January 25, 201511 yr Hey everyone I have question on a valve job. Doing a valve job on a pair of 2.2 heads, 97 single port. Both intake valves in # 3 combustion chamber are slightly bent. The piston tops have no indication the they came in contact with the valves. I'm wondering what would cause this? Obviously these two are being replaced, but I still need to grind the seats. Since I can't use the bent valves to grind the seats will using the new valves to grind the seats be ok? Plus would the bent valves have caused any issues with the guides? I'm installing some deltas, and putting these heads on a rebuilt block so I want to make sure its gonna be all good. Thanks for any advice!
January 25, 201511 yr You're supposed to use the new valves to grind the seats. The whole point of grinding is to get the profile of the new valve to match the seat so that it seals properly. It takes very little force to bend these valves, so a lack of marks on the piston is not surprising.
January 25, 201511 yr I would check for air leaks in the exahst just to be on the safe side, but like fairtax said it doesn't take much to bend the valves
January 25, 201511 yr Alright cool! Thanks for that! Do you think the guides are ok? You might as well replace them while your there
January 25, 201511 yr What you are describing is lapping, not grinding. Good for freshing up old vavle seats.....but won't cut it for seating new. No matter how much compound you use. Grinding is done with a special tool/bit that matches the seat and valve......but doesn't do them "toghether". It's got a guide rod that slips into the valve guide and then grinds the seat while slipped over said guide rod, ensuring the centering. If you need new vavles installed I would recommend having them installed by a machine shop that can truely "grind" the new valve and seat to the proper match. It's a real downer to put a "new" engine toghether and have it suffer missing and poor compression.
January 25, 201511 yr Author What you are describing is lapping, not grinding. Good for freshing up old vavle seats.....but won't cut it for seating new. No matter how much compound you use. Grinding is done with a special tool/bit that matches the seat and valve......but doesn't do them "toghether". It's got a guide rod that slips into the valve guide and then grinds the seat while slipped over said guide rod, ensuring the centering. If you need new vavles installed I would recommend having them installed by a machine shop that can truely "grind" the new valve and seat to the proper match. It's a real downer to put a "new" engine toghether and have it suffer missing and poor compression. . Thank you! I guess this is the info I was looking for. Wouldnt want missing and low comp! I'll take it to a machine shop then.
January 25, 201511 yr I wouldnt suggest grinding the valves unless your compleatly rebuilding the entire engine.

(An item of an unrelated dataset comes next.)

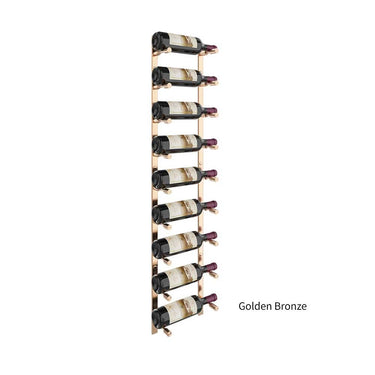 Vino Pin Flex Kit One Bottle Deep in Golden Bronze Aluminum Storing 9 Bottles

By rebuilding and grinding the valves it will have like new compression that is going to put exessive pressure on the lower end causing failure of the lower end sooner than if you just install and lap the new valves in. Just my 2 cents and what I've heard from every mechanic I know.
January 25, 201511 yr I wouldnt suggest grinding the valves unless your compleatly rebuilding the entire engine. By rebuilding and grinding the valves it will have like new compression that is going to put exessive pressure on the lower end causing failure of the lower end sooner than if you just install and lap the new valves in. Just my 2 cents and what I've heard from every mechanic I know. New valves won't just "lap in" I am suggesting he replace just the bent 2 and have them ground. Lapping will work for all the rest if it was a decent running engine anyway. besides, 2.2 bottom ends don't fail unless run out of oil or otherwise abused.
January 26, 201511 yr New valves won't just "lap in".Why would they be different than any other head? I've never had any problem with compression when I lap a new valve in. Granted I've never done this job on a subaru, but have done this on many older v8s and 6s and single cylinder motors. Thatsthe reason the sell valve grinding material and valve lapping tools, it just needs the valve and seat to properly fit together. Unless your rebulding the head there should be no reason you can't Lapp the valves in and get good compression.
January 26, 201511 yr As long as the new valves are lapped to the correct seat width they'll be fine. On a race car or high performance build I would say otherwise. Machine shops charge an arm and a leg here for valve service and some won't touch it unless you let them do every valve on the head. Makes a two valve replacement job cost more than a used head. Your shop may vary.
January 26, 201511 yr Author Yea I'm rebuilding the heads. Deltas, New springs, New seals, and I lapped all the other valves. But now I think I may just take to a machine shop and have a 3 angle job done. These heads are going on a block that is getting rebuilt too so I don't want any problems. Thanks for all the input.